Transcribe the entries below exactly; leave every image out.

Caption-style text data
_ _ _ _ _ _ _

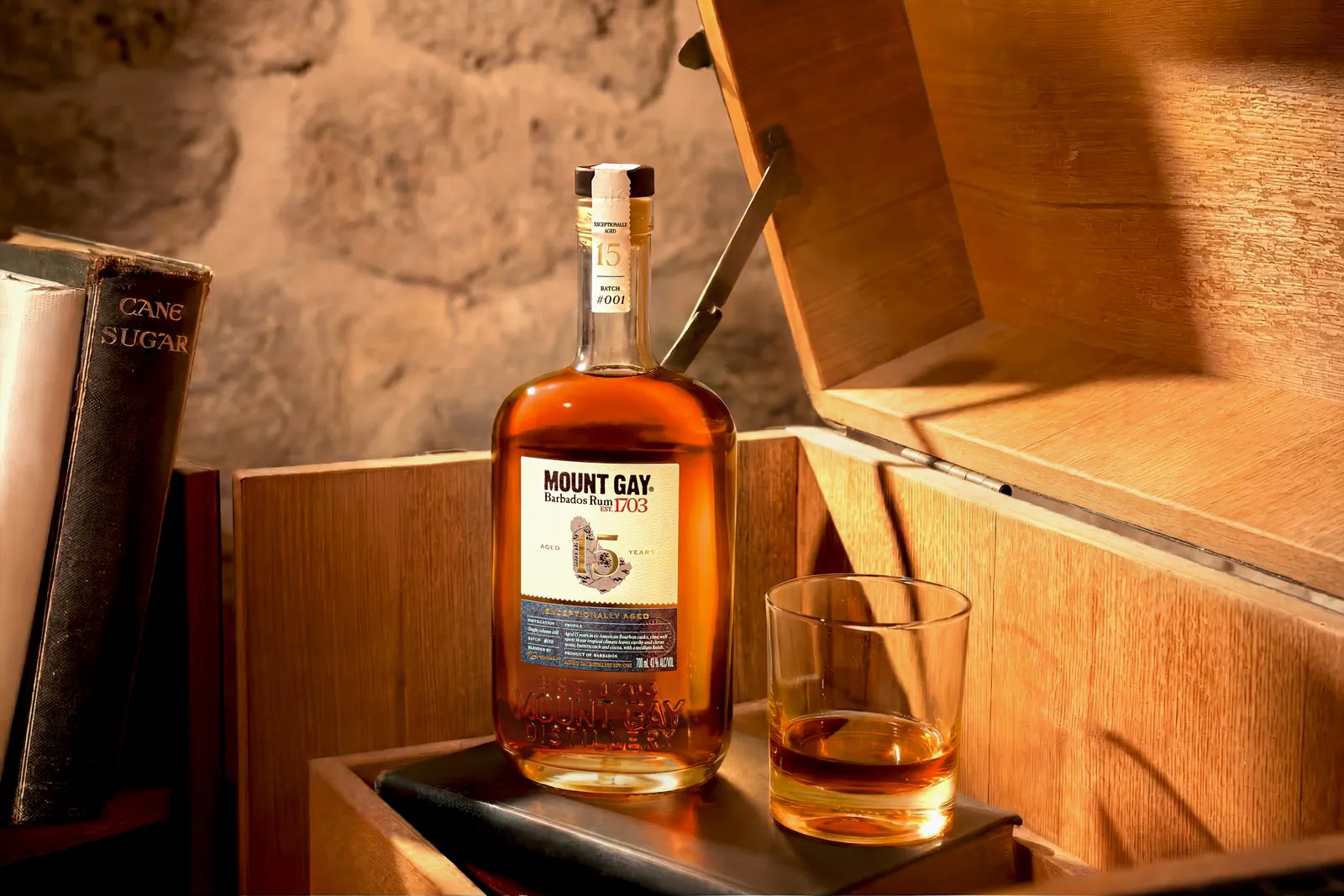 Mount Gay XO rum bottle and glass of amber rum on a wooden chest beside old books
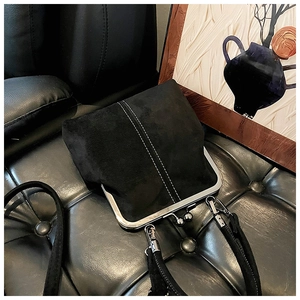 Detail of a black suede bag featuring silver metal clasp and white double stitching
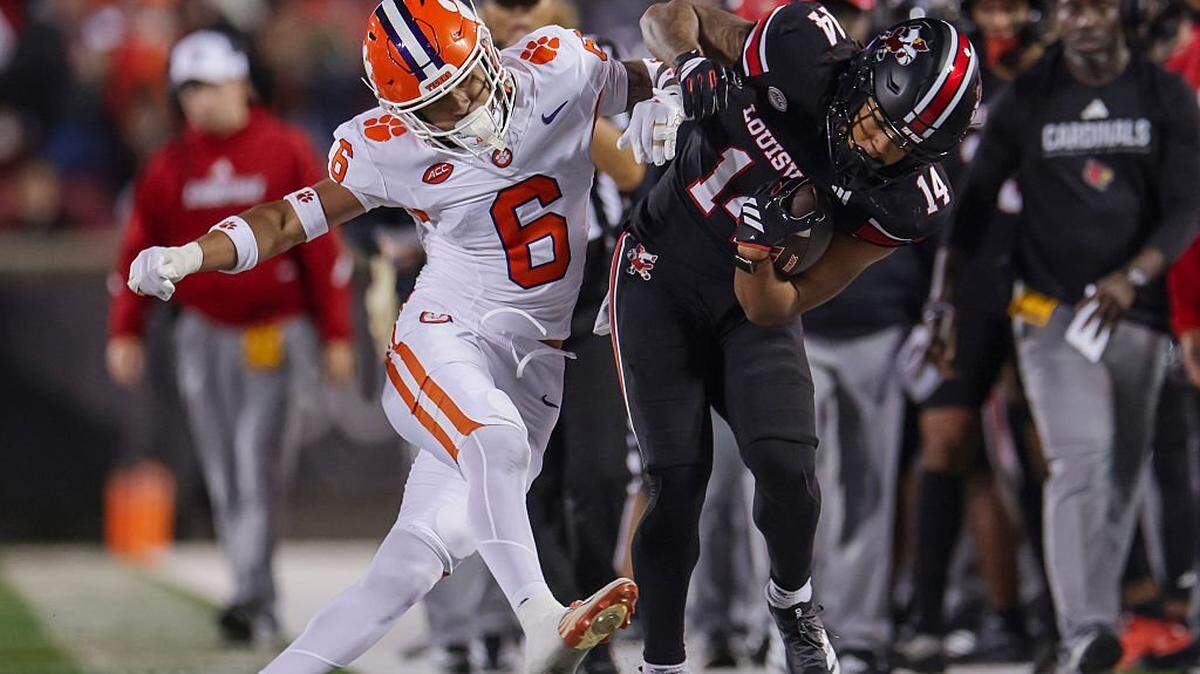 LOUISVILLE, KENTUCKY - NOVEMBER 14: Ricardo Jones #6 of the Clemson Tigers knocks Kris Hughes #14 of the Louisville Cardinals out of bounds during the second half of the NCAA football game between the Louisville Cardinals and the Clemson Tigers at L&N Federal Credit Union Stadium on November 14, 2025 in Louisville, Kentucky. (Photo by Michael Hickey/Getty Images)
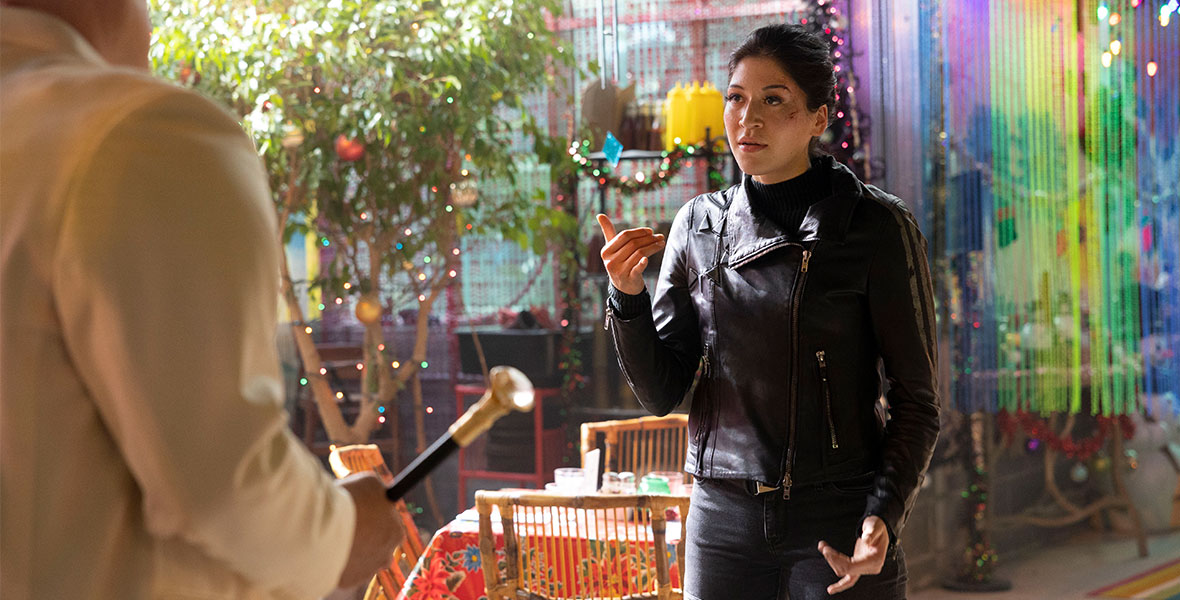 Maya Lopez, played by Alaqua Cox, uses American Sign Language (ASL) to communicate with Kingpin (Vincent D’Onofrio), in a scene from Marvel Studios’ Hawkeye. Maya is wearing a black leather jacket and skintight jeans, and her hair is pulled back. She has cuts and bruises on her face. Kingpin, whose back is turned to the camera, is holding a cane and wearing a white blazer. They are standing inside a colorful restaurant that is decorated for Christmas with garland, ornaments, and more.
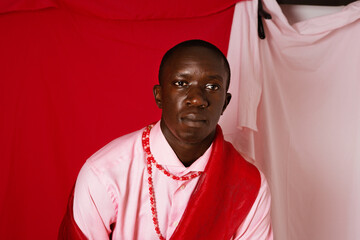 Young black man wearing pink posing at the studio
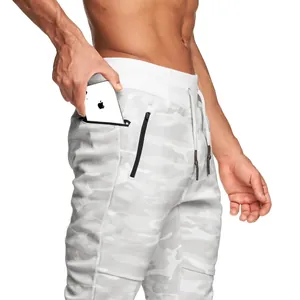 Close-up detail of men's white camo athletic joggers with functional zipper pocket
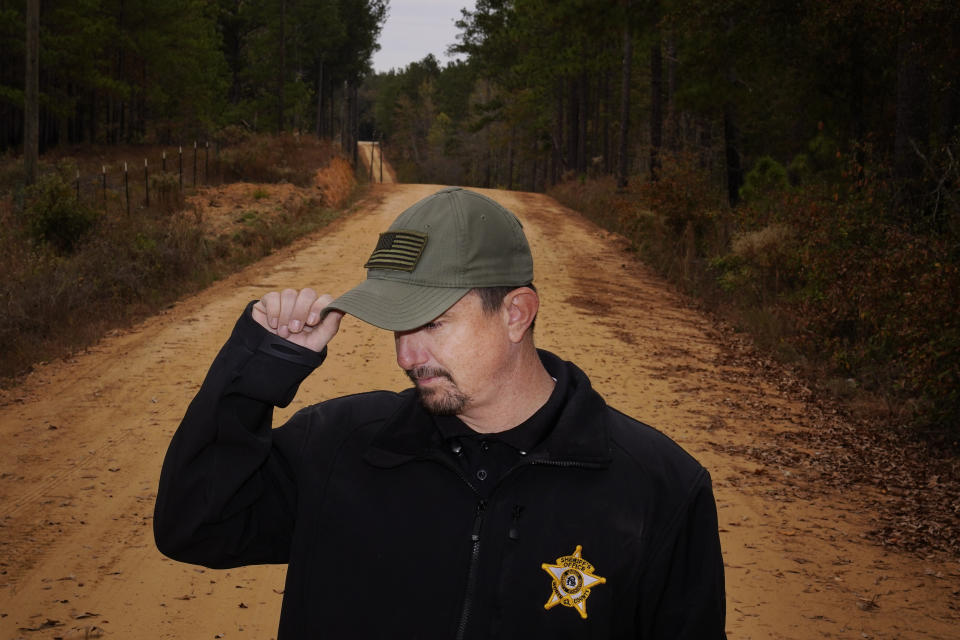 Worth County Sheriff's Lt. Adam Celinski stands for a portrait on Tuesday, Nov. 14, 2023, in Sylvester, Ga. As a sergeant with the Sylvester Police Department in 2016, Celinski responded to a 911 call of a paranoid man banging on the door of a woman’s home. The man, Terrell “Al” Clark, approached Celinski saying he was high and needed help. Celinski’s body-camera video showed he was calm and courteous as he handcuffed the man. Clark also was polite, but neighbors watched as he began to struggle and the officer got Clark facedown on some roadside grass, using a knee and hand to ensure he stayed there. (AP Photo/Brynn Anderson)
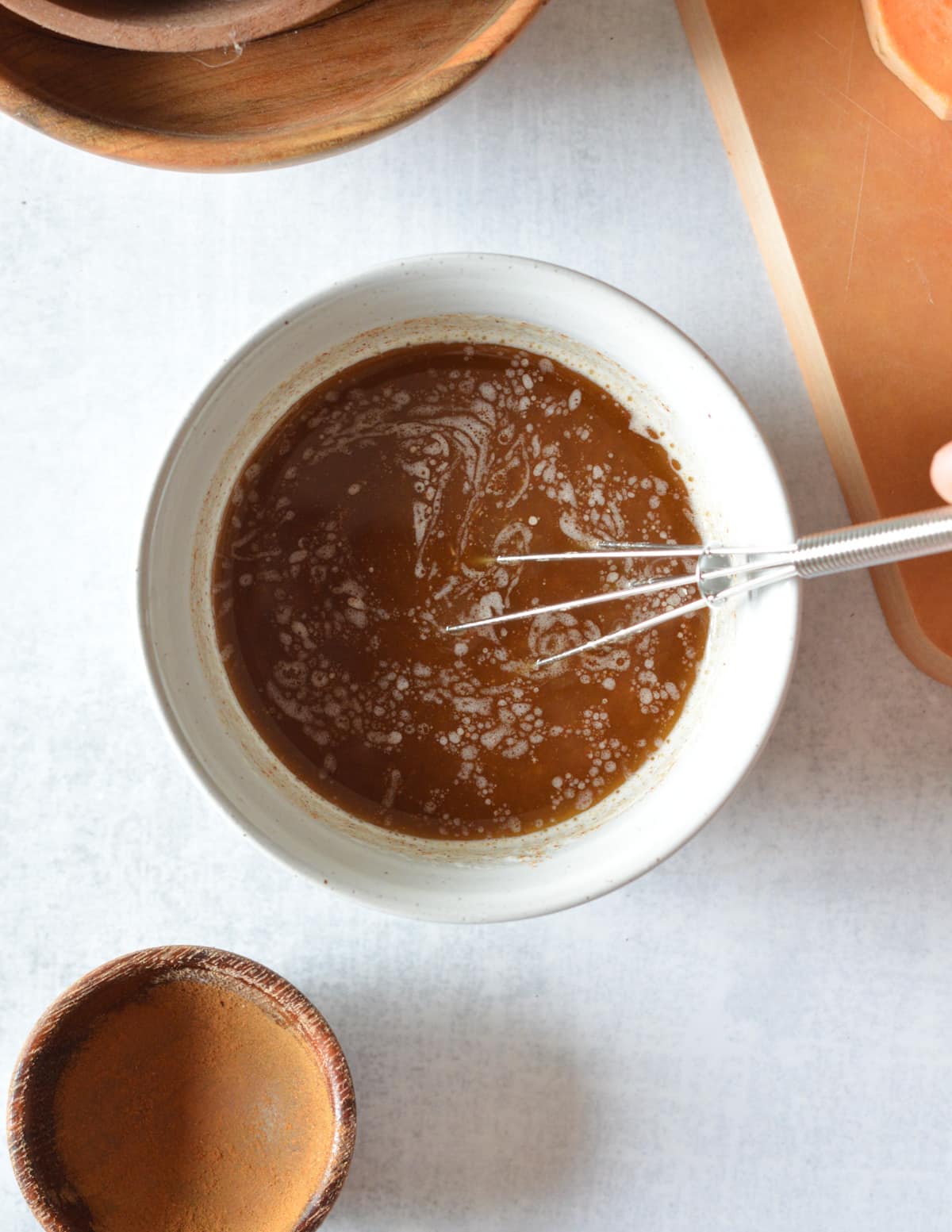 stirring a bowl of melted butter, maple syrup, and cinnamon with a mini whisk.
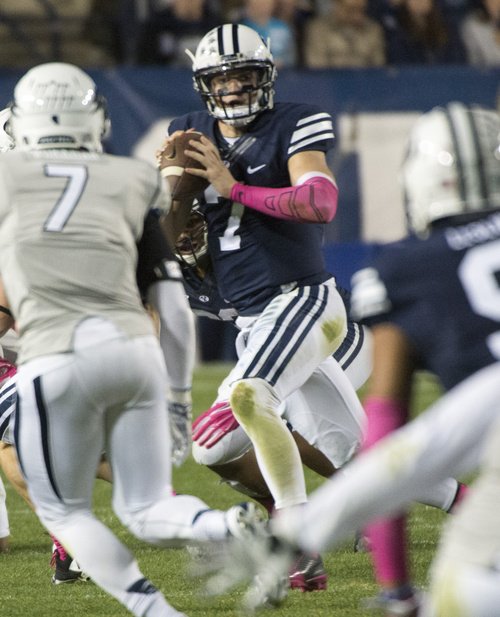 Rick Egan  |  The Salt Lake Tribune

Brigham Young Cougars quarterback Christian Stewart (7) looks for an open man, as he scrambles with the ball, in football action, BYU vs The Nevada Wolf Pack at Lavell Edwards Stadium, Saturday, October18, 2014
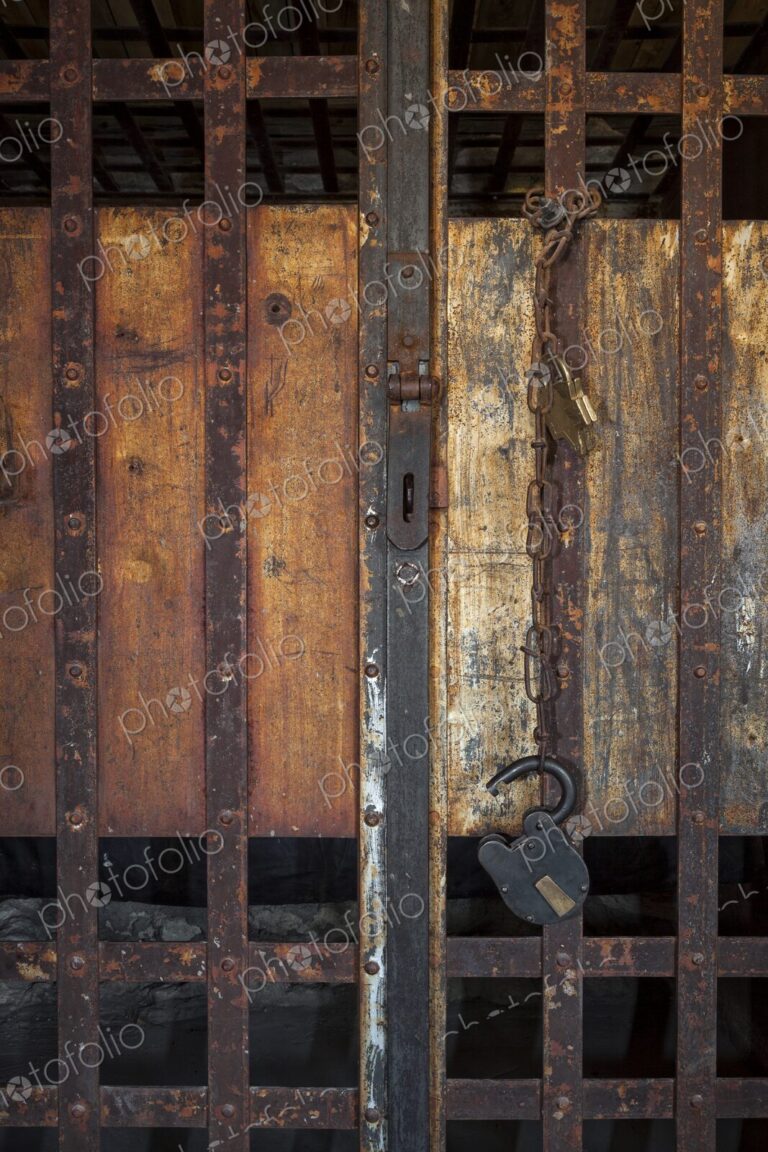 Close view of a frontier jail door with rusty iron bars, chain, and padlock against…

_ _ _ _ _ _ _

_FINISHED EXERCISE_
 Mount Gay XO rum bottle and glass of amber rum on a wooden chest beside old books
 Detail of a black suede bag featuring silver metal clasp and white double stitching
 LOUISVILLE, KENTUCKY - NOVEMBER 14: Ricardo Jones #6 of the Clemson Tigers knocks Kris Hughes #14 of the Louisville Cardinals out of bounds during the second half of the NCAA football game between the Louisville Cardinals and the Clemson Tigers at L&N Federal Credit Union Stadium on November 14, 2025 in Louisville, Kentucky. (Photo by Michael Hickey/Getty Images)
 Maya Lopez, played by Alaqua Cox, uses American Sign Language (ASL) to communicate with Kingpin (Vincent D’Onofrio), in a scene from Marvel Studios’ Hawkeye. Maya is wearing a black leather jacket and skintight jeans, and her hair is pulled back. She has cuts and bruises on her face. Kingpin, whose back is turned to the camera, is holding a cane and wearing a white blazer. They are standing inside a colorful restaurant that is decorated for Christmas with garland, ornaments, and more.
 Young black man wearing pink posing at the studio
 Close-up detail of men's white camo athletic joggers with functional zipper pocket
 Worth County Sheriff's Lt. Adam Celinski stands for a portrait on Tuesday, Nov. 14, 2023, in Sylvester, Ga. As a sergeant with the Sylvester Police Department in 2016, Celinski responded to a 911 call of a paranoid man banging on the door of a woman’s home. The man, Terrell “Al” Clark, approached Celinski saying he was high and needed help. Celinski’s body-camera video showed he was calm and courteous as he handcuffed the man. Clark also was polite, but neighbors watched as he began to struggle and the officer got Clark facedown on some roadside grass, using a knee and hand to ensure he stayed there. (AP Photo/Brynn Anderson)
 stirring a bowl of melted butter, maple syrup, and cinnamon with a mini whisk.
 Rick Egan  |  The Salt Lake Tribune

Brigham Young Cougars quarterback Christian Stewart (7) looks for an open man, as he scrambles with the ball, in football action, BYU vs The Nevada Wolf Pack at Lavell Edwards Stadium, Saturday, October18, 2014
 Close view of a frontier jail door with rusty iron bars, chain, and padlock against…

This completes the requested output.